Bowles plans to split her fellowship year evenly between India and Niger, working as an apprentice with local artisans and jewelry makers in both countries.
"By working in each country, I'll have the opportunity to learn a wide variety of techniques, including casting, knitting wire, engraving, filigree, stone setting and fusing," said Bowles, who is pursuing a minor in art at Lawrence. "Those are all techniques with which I've had little or no experience."
In addition to learning jewelry-making skills, Bowles intends to explore the impact of cross-cultural contacts on traditional jewelry and ornament, including how contact with neighboring ethnic groups has influenced traditional jewelry and how urbanization has changed the place of jewelers in the community.
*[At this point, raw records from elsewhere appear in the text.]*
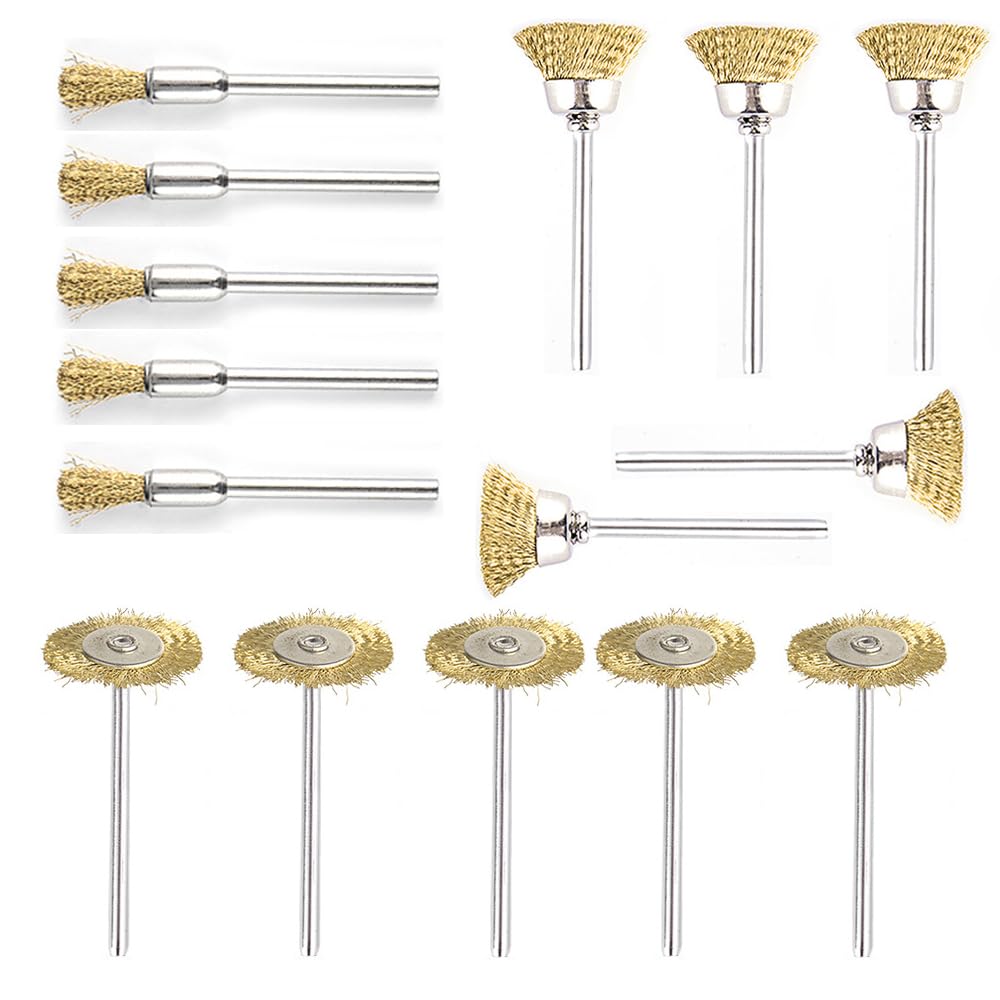 【送料無料】15個セット 3mm軸 ルーター ブラシ 真鍮 リューター ブラシ 3種類 ロビンソンブラシ ボウ..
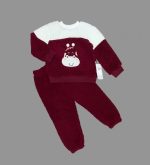 1-2-3 Yaş Ponponlu Zürafa Desenli Kuzu Kumaş Uzun Kollu 2li Kız Erkek Çuk Takımı Bordo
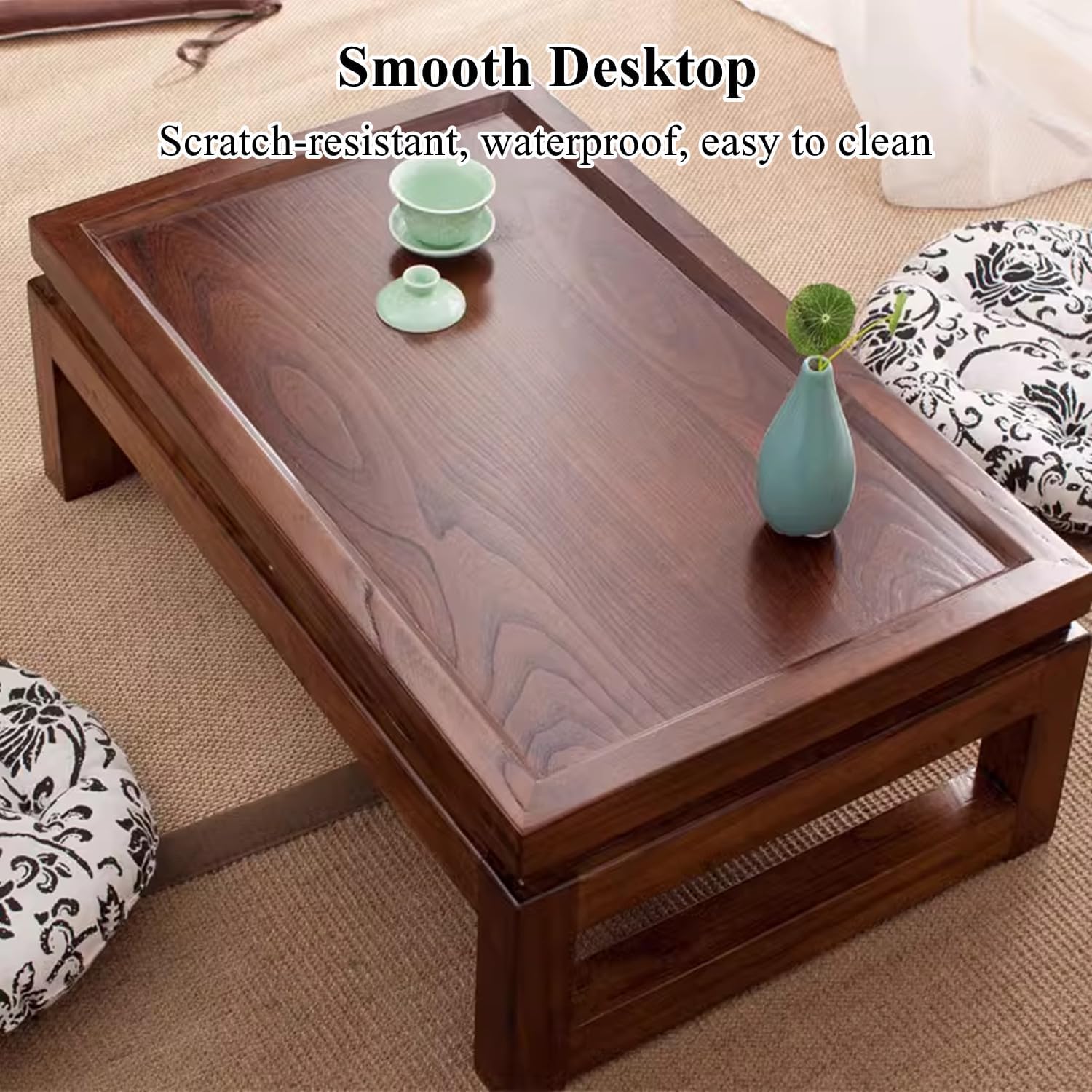 Japanese Floor Table, Rectangular Japanese Tatami Tea Table, Vintage Coffee Table Low Table for Sitting on The Floor Accent Furniture, Outdoor Indoor Side Table,23.6x15.7,23.6x15.7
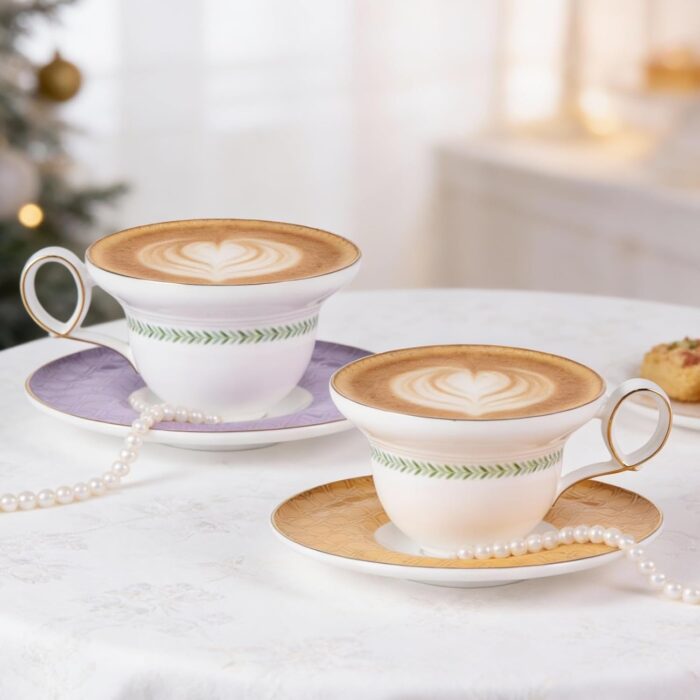 KAMMAK Ceramic Coffee Cups Saucers Set of 2, Porcelain Espresso Cups with Saucers, 5.92 oz Handmade Elegant Bone China Tea Cup, Ceramic Floral Pattern Demitasse for Latte,... KAMMAK Ceramic Coffee Cups Saucers Set of 2, Porcelain Espresso Cups with Saucers, 5.92 oz Handmade Elegant Bone China Tea Cup, Ceramic Floral Pattern Demitasse for Latte,...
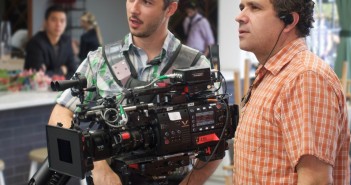 Charles on the right with A cam operator Neal Bryant on the set of Mary + Jane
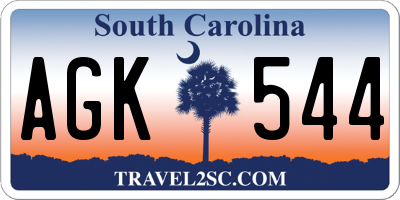 SC license plate AGK544
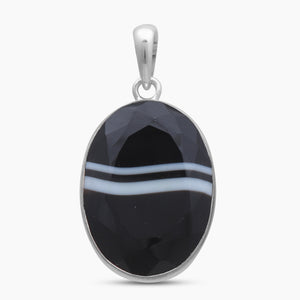 Black Banded Agate Silver Pendants
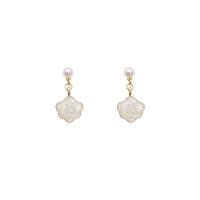 Zinc Alloy Drop Earring with Plastic Pearl Cloud gold color plated for woman & enamel nickel lead & cadmium free Sold By Pair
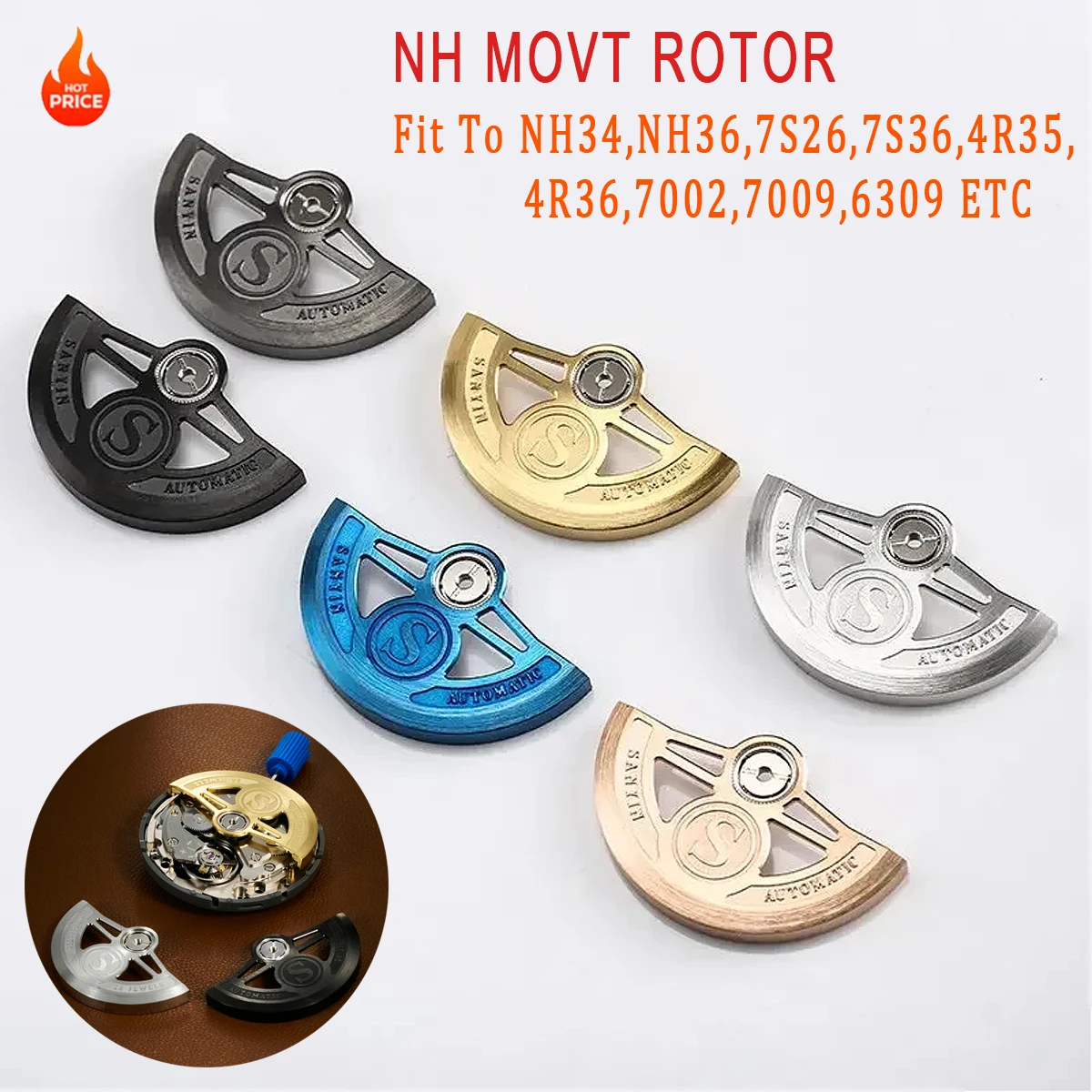 NH35 NH36 Movement Automatic Oscilating Weight Hammer Rotor Fit for NH34 NH36 NH38 4R 6R 7S Movement Automatic Rotor Refit Parts
NH35 NH36 Movement Automatic Oscilating Weight Hammer Rotor Fit for NH34 NH36 NH38 4R 6R 7S Movement Automatic Rotor Refit Parts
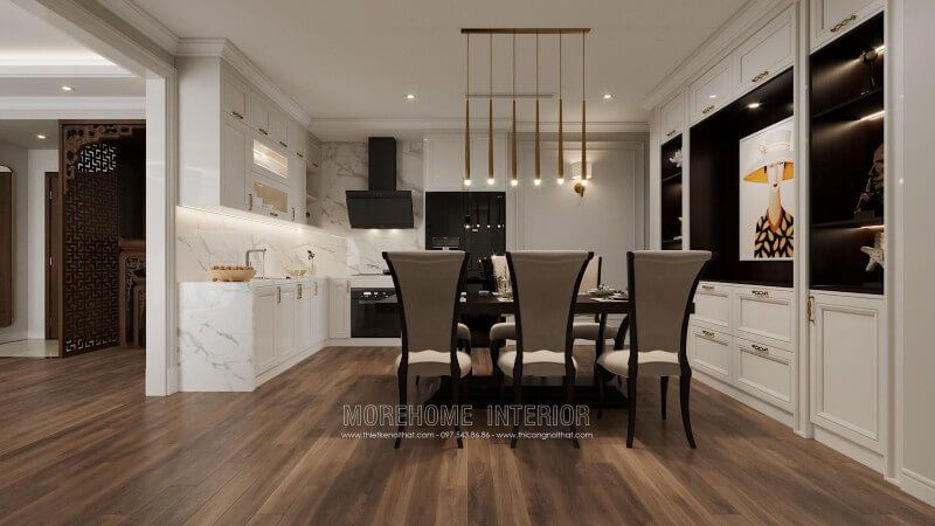 Mẫu thiết kế phòng bếp liền bếp khu vực ăn uống thật độc đáo lạ mắt. Nội thất tại không gian này được bố trí rất hợp lý tạo cho không cảm thấy ngột ngạt chật chội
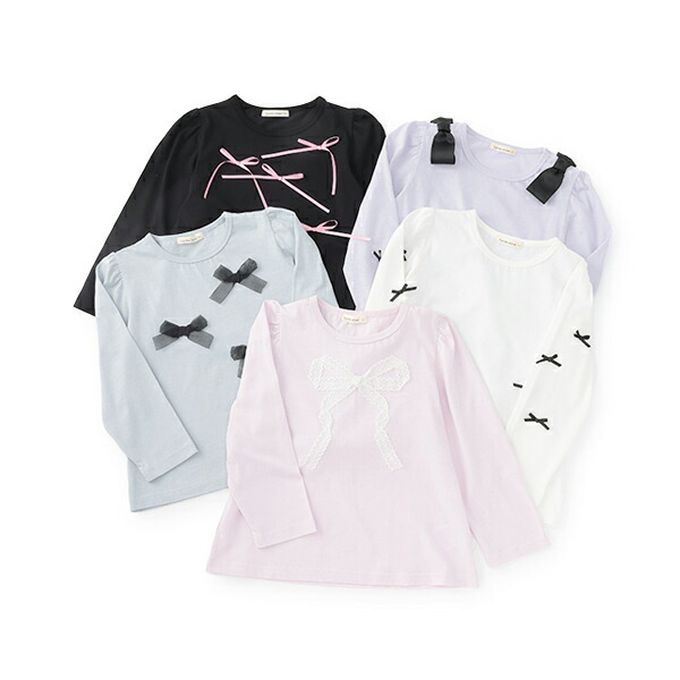 日本 Lycee mine - 100%棉 夢幻蝴蝶結長袖上衣-淺紫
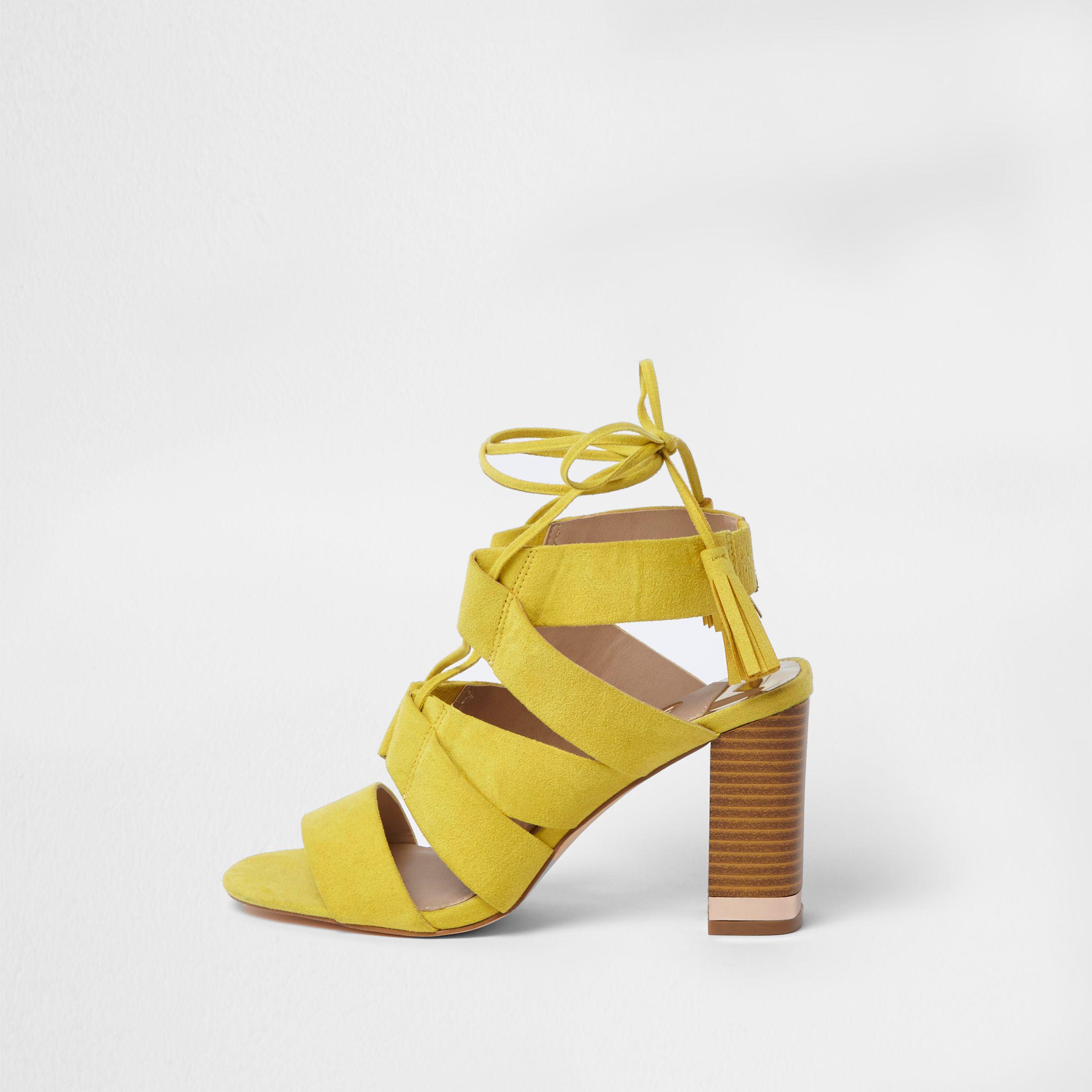 river island yellow sandals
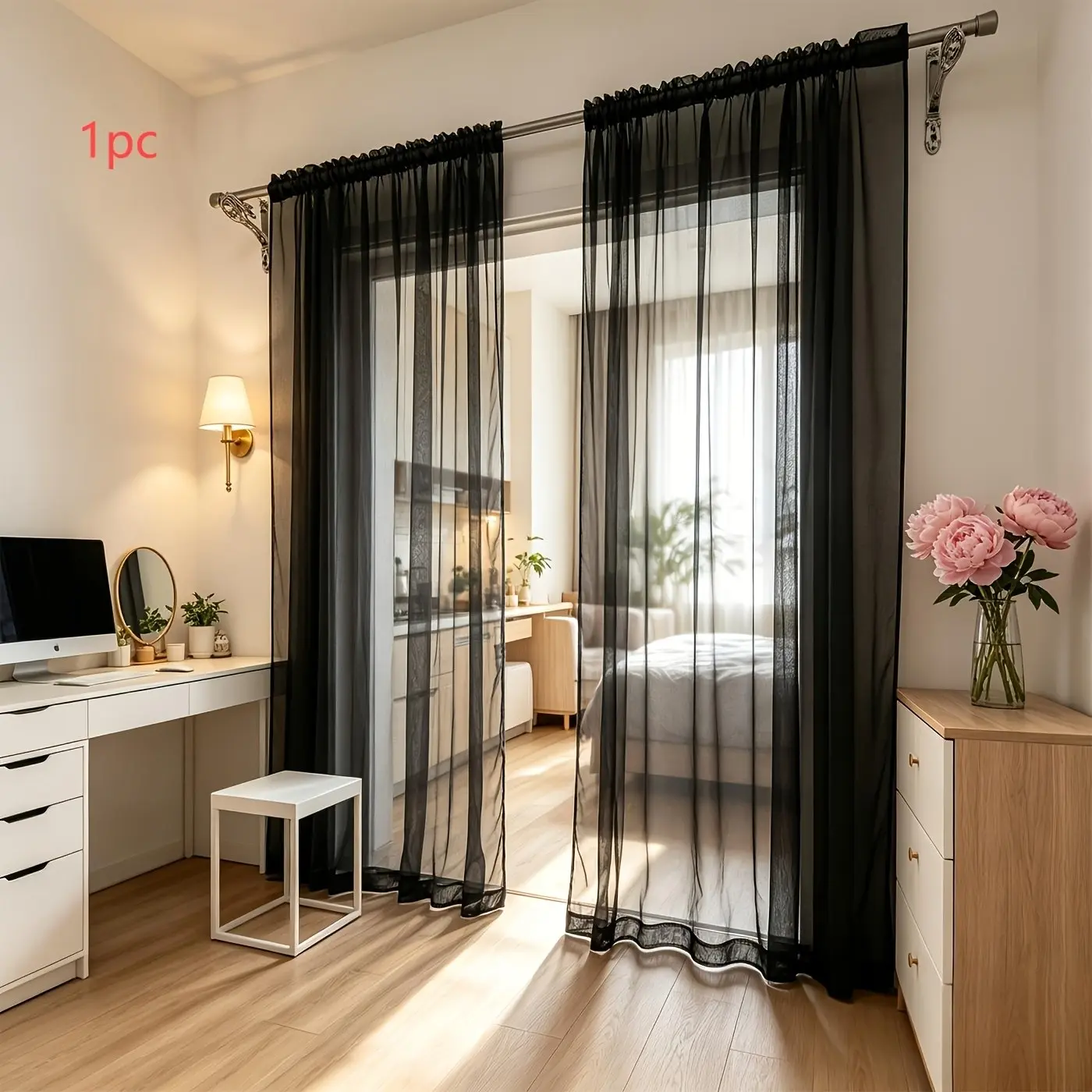 Modern Minimalist Lightweight Sheer Curtain, Rod-Pass Design, Easy Installation and Removal, Solid Transparent Fabric, Ideal for Patio/balcony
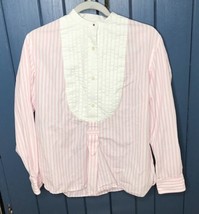 Vintage Pink White Striped Pintuck Bib Button Down Tuxedo Shirt Size Medium - $23.76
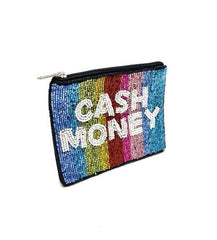 Multi " CASH MONEY " Beaded Coin Purse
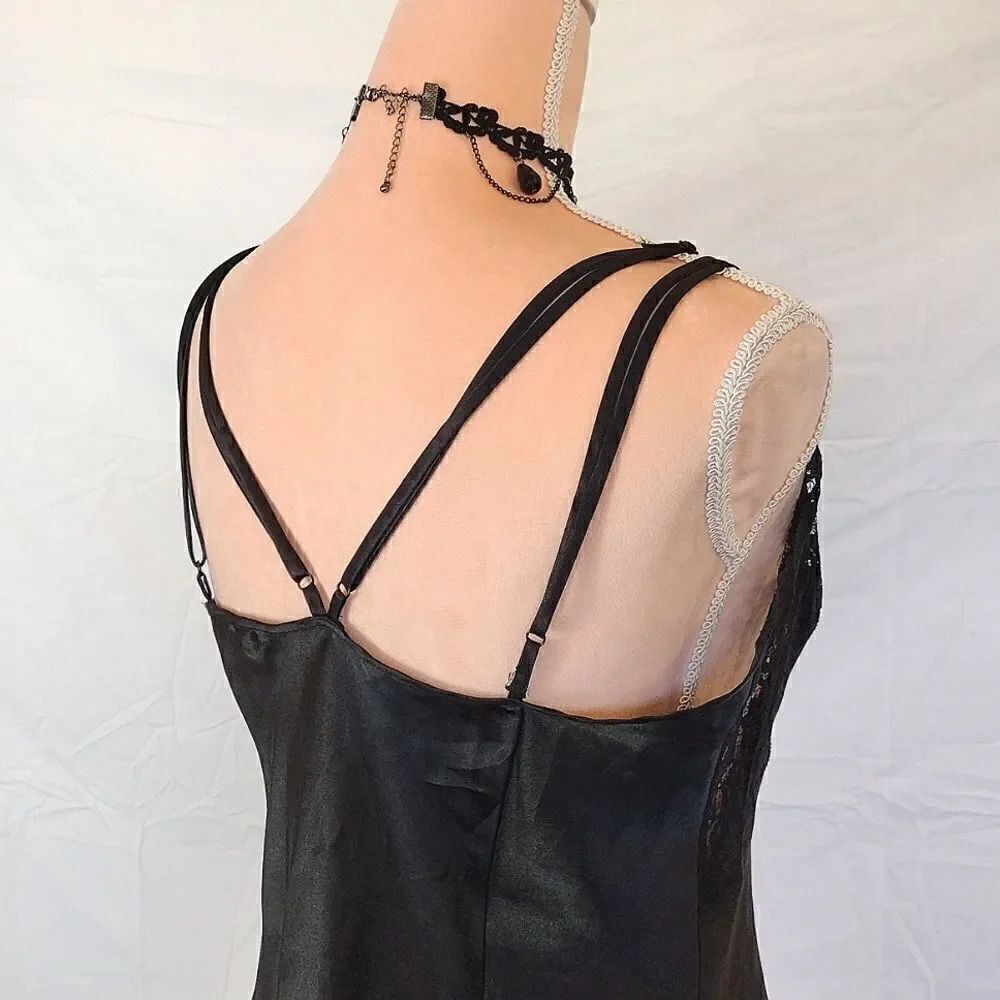 Victoria's Secret VTG 90s Black Satin Strappy Lace Top Mini Slip Dress Large - Picture 14 of 15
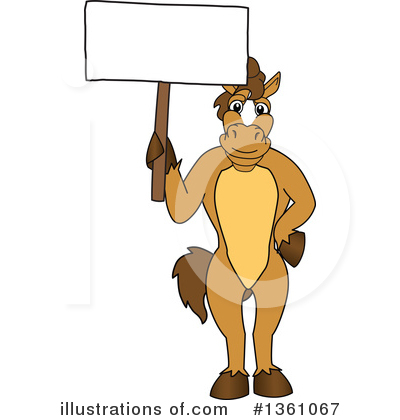 Royalty-Free (RF) Stallion School Mascot Clipart Illustration by Mascot Junction - Stock Sample #1361067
"As an anthropologist, India and Niger are intriguing destinations to me because they are sites of major cross-cultural contact," said Bowles, who spent five months in Africa in 2000 as part of an off-campus study program in Tanzania. "The British and French imperialists brought their own cultures to these areas, including their sense of the aesthetic.
"I want to see how the jewelry reflects the countries' colonial pasts. If Western influence has been minimal, why did jewelry escape the influence that is so prevalent in other aspects of those countries, such as architecture and dress?"
The Watson Fellowship Program was established by the children of Thomas J. Watson Sr., the founder of IBM Corporation, and his wife, Jeannette, to honor their parents' long-standing interest in education and world affairs. Watson Fellows are selected on the basis of the nominee's character, academic record, leadership potential, willingness to delve into another culture and the personal significance of the project proposal.